The true value, the point where spending extra dollars doesn't add an appreciable amount of quality, is what we're looking for. In this review of the best 5 person tents I believe you'll find that I stayed true to that goal. The notable exception is in the four season tents, where severe weather dictates a heavier, more robust tent and in those cases I would opt for quality and reliability over potential savings.
Be sure to regularly visit the Tent sales at Amazon for a minimum 50% off.
"Thousands of tired, nerve-shaken, over-civilized people are beginning to find out going to the mountains is going home; that wilderness is a necessity..."
- John Muir
The Best Tent For You And Your Budget
While prices may be similar, there's a big difference in quality amongst brands and models.
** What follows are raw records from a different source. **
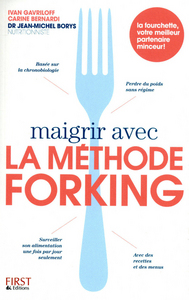 Maigrir avec La méthode Forking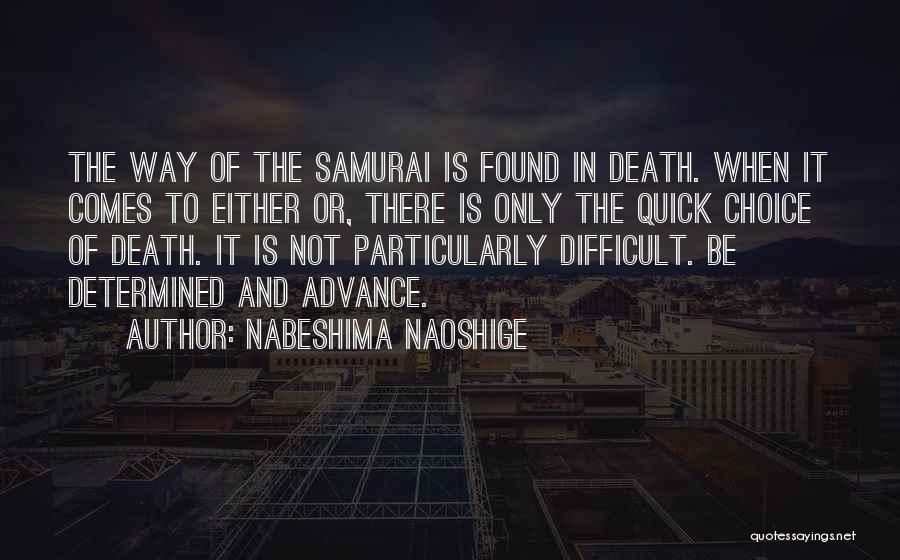 Nabeshima Naoshige Quotes: The Way Of The Samurai Is Found In Death. When It Comes To Either Or, There Is Only The Quick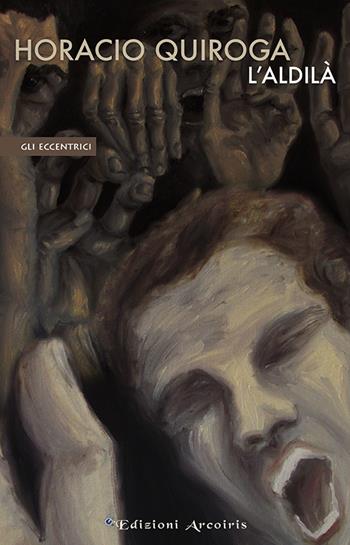 L'aldilà - Horacio Quiroga - Libro Edizioni Arcoiris 2016, Gli eccentrici | Libraccio.it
I've been camping for decades now, and I've also learned a few valuable lessons. Take care of your equipment (wash it off after use and let the tent dry completely before storing, seal the seams, etc...) and don't get skimpy or lazy and just grab any old tent from the bargain bin; if (or more likely, when) it fails you in the field it can be an extremely miserable experience. On one outing we were camping above 10,000 feet in the Rockies, and while it was summer (July I believe), at that altitude it gets cold at night. As luck would have it we also got a heavy rainstorm one night and our tent started leaking like crazy. All three of us, and our gear, were soaking wet, COLD, and miserable.
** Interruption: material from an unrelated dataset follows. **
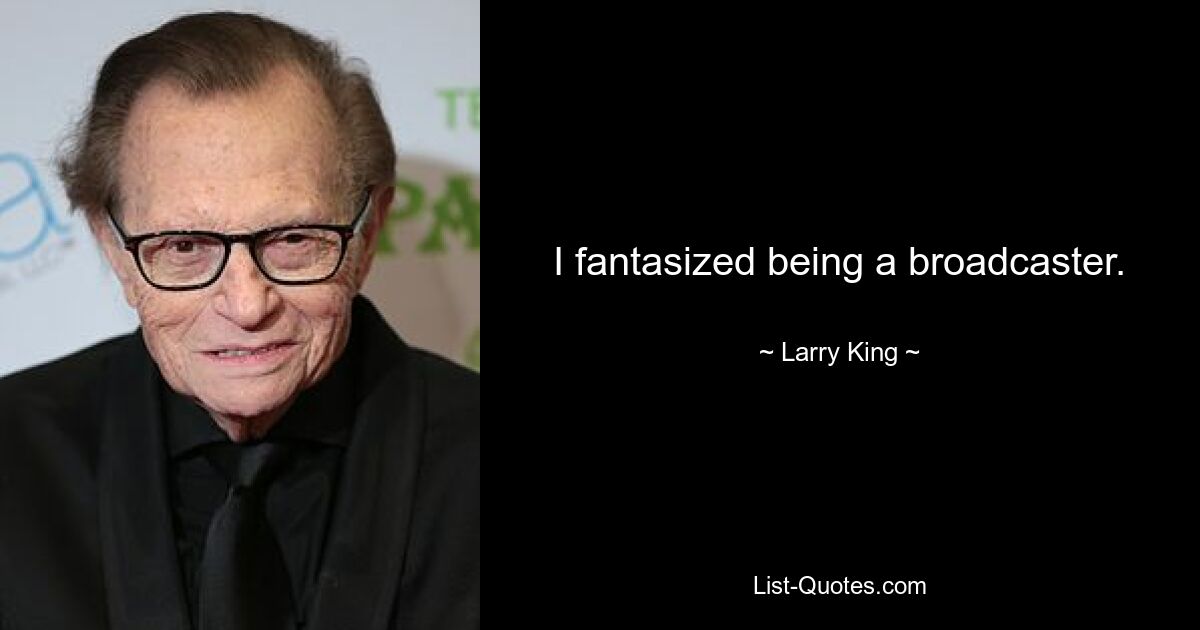 I fantasized being a broadcaster. — © Larry King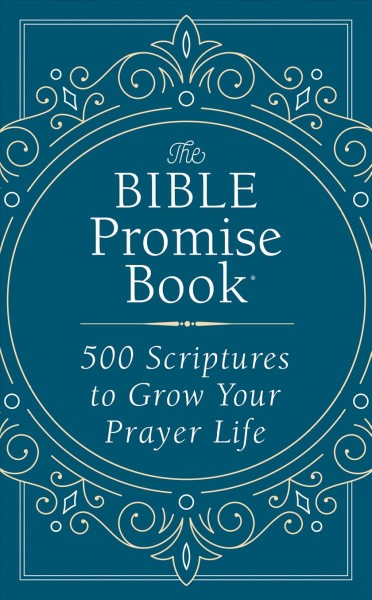 Bible Promise Book: 500 Scriptures to Grow Your Prayer Life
While I've always made it a point to seam seal our tents before we go out, this was one time when I didn't because I thought it was still in good shape (I had sealed the seams the previous year). Saving a few dollars for the seam sealer and a little time was a costly and avoidable mistake that I won't make again. On another occasion we had went to set our tent up in the back yard before we left for a camping trip a few days later, and when doing so we discovered that the tent had some areas that were weakened and would likely fail (stress points near tie downs), so we threw it away and went to buy another one. Well, we waited until the day before our departure
to buy the tent and so that precluded an online purchase (we buy almost everything through Amazon for the savings, selection and no hassle returns). Heading to the local sporting goods store we were unhappy to see that they had a very limited selection of tents, and the one in our size was a cheaply made (really cheap) tent... but it was the only choice we had due to time, so we bought it.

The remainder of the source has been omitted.